BEAVER, W.Va. — The owner of the West Virginia coal mine where an explosion killed 29 men last year kept two sets of books on safety conditions — an accurate one for itself and a sanitized one for the government, federal regulators said Wednesday.
Managers at Massey Energy pressured workers at the Upper Big Branch mine to omit safety problems from the official set of reports, said Mine Safety and Health Administration official Kevin Stricklin. Workers told investigators that the company wanted to avoid scrutiny from inspectors and keep coal production running smoothly.
Massey was bought by rival Alpha Natural Resources earlier this month, and the new owner said it is looking into the allegations.
Even before the April 5, 2010, tragedy that was the nation’s deadliest coalfield disaster in four decades, Massey had a poor safety record and a reputation for putting coal profits first. The mine was cited for 600 violations in less than a year and a half before the blast.
In its previous briefings, Mine Safety and Health Administration blamed the explosion on naturally occurring methane gas and coal dust. It said poorly maintained cutting machinery sparked the blast and a malfunctioning water sprayer allowed a flare-up to become an inferno.
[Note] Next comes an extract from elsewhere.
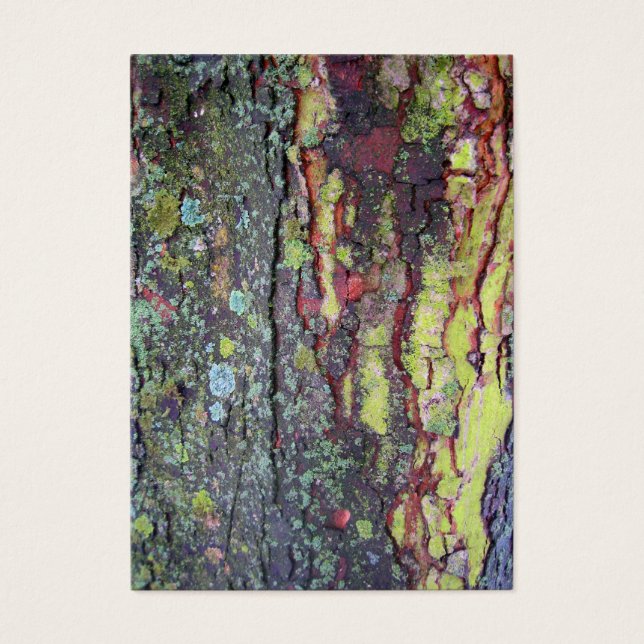 Baraja de árbol (Frente)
“Managers were aware that chronic hazardous conditions were not recorded,” Stricklin said. Testimony from some of the 266 people the administration interviewed “indicated that management pressured examiners to not record hazards” at Upper Big Branch.
So far, one Massey employee has been indicted. Security chief Hughie Stover was charged with lying to the FBI and the administration and obstructing justice by ordering thousands of pages of documents thrown out.
An independent investigation commissioned by former Gov. Joe Manchin accused Massey of allowing highly explosive coal dust and methane gas to accumulate.
No one should have been injured,” Stricklin said, “and definitely no one should have died.”